Miró a Lieneke y ésta suspiró. Sabía que no sólo David y Klara corrían ahora un gran peligro. También ella, su hermano, sus hermanas y sus padres podían ser detenidos, precisamente ahora, cuando todos decían que el fin de la guerra se veía ya en el horizonte.

—Yo tengo cuidado en todo lo que digo —dijo en voz baja.

—Lo sé, Lieneke —dijo Henry Kohly—. Sé que se puede confiar en ti para lo que sea.

De nuevo quería preguntar qué les hacían exactamente los nazis a los judíos y qué les hacían a las personas que los escondían, pero se calló.

A esa pregunta, que llevaba tanto tiempo angustiándola, obtuvo respuesta unos días más tarde. Al salir del colegio con Klaus, vio en la plaza redonda del pueblo, justo enfrente de ellos, una gran aglomeración.

Un gran gentío, incluidos algunos alumnos del colegio, permanecía allí en completo silencio. Klaus echó a correr hacia allí y Lieneke lo siguió y se detuvo al lado de Gredda.

—¿Qué pasa aquí? —preguntó.

Gredda no respondió, sino que le tapó la boca con las manos; había pánico en su mirada.

En la entrada del pequeño barracón del matrimonio Van Loor había soldados nazis, muy erguidos, apuntando con los fusiles. También Hans, el soldado que vivía en casa de Gredda, estaba allí, con el cuello estirado y la mirada clavada en la pequeña puerta de la casa. Primero salió Jorie Van Loor, arrastrando los pies, con paso tembloroso. Levantó lentamente los brazos, y el soldado que estaba detrás de ella le puso una pistola en la sien. Sin dejar de apuntarle a la cabeza con la pistola, le gritó que se pusiera delante de la multitud. Detrás salió Jann, que tenía muchos más años que ella y su ancha espalda tendía hacia adelante. El soldado que estaba detrás de él le golpeó con la culata del fusil y lo puso contra la pared, junto a su mujer. Pasó temblando entre la multitud de curiosos. La gente se tapaba la boca, se llevaba la mano al corazón presa del pánico, se santiguaba, refunfuñaba.
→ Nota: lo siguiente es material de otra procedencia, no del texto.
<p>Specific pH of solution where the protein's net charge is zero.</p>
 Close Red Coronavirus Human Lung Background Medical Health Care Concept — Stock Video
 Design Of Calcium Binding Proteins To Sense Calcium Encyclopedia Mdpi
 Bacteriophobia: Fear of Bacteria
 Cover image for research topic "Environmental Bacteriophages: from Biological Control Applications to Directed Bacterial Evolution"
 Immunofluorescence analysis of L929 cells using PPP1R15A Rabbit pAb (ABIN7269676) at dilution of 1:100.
—¿Por qué? —susurró Lieneke al oído de Gredda—. ¿Qué han hecho?

La respuesta no se hizo esperar. Salió de la casa, mientras un soldado le golpeaba por detrás, con los brazos detrás de la cabeza. El chico asustado con el que se había encontrado una noche en casa del doctor Kohly, aquel chico en cuyo abrigo buscó marcas de un parche amarillo, estaba ahora ante la multitud con los ojos apagados y entornados. La señora Van Loor dirigió la mirada hacia sus vecinos y se encontró con los ojos de Lieneke. Entonces se oyó un grito atronador. Era el oficial. Alzó su pistola, la dirigió hacia la cara de Jann y gritó: «¡Esto es lo que se merecen los infectos traidores que quieren a los judíos y esconden en sus casas a los infames que envenenan Europa!». Disparó a la frente de Jann e inmediatamente después al corazón de Jorie. Un estrépito ensordecedor de aleteos asustados y trinos de pájaros sobresaltados se oyó encima de ellos. Lieneke sintió que le flojeaban las piernas y que no podrían sujetarla por mucho tiempo más. Se le nubló la vista y apenas pudo ver la sangre que salpicó la pared detrás de ambos, que cayeron al suelo como muñecos de trapo. Oyó que el oficial seguía gritando: «¡Y esto es lo que se merecen los perros judíos!», y, antes de que se oyera el ruido del disparo que acabó con el chico judío, alguien la agarró del hombro y se la llevó de allí. Era el abuelo Kohly. Con su cuerpo, grande como el de un oso, la protegió durante todo el camino a casa, y lloró.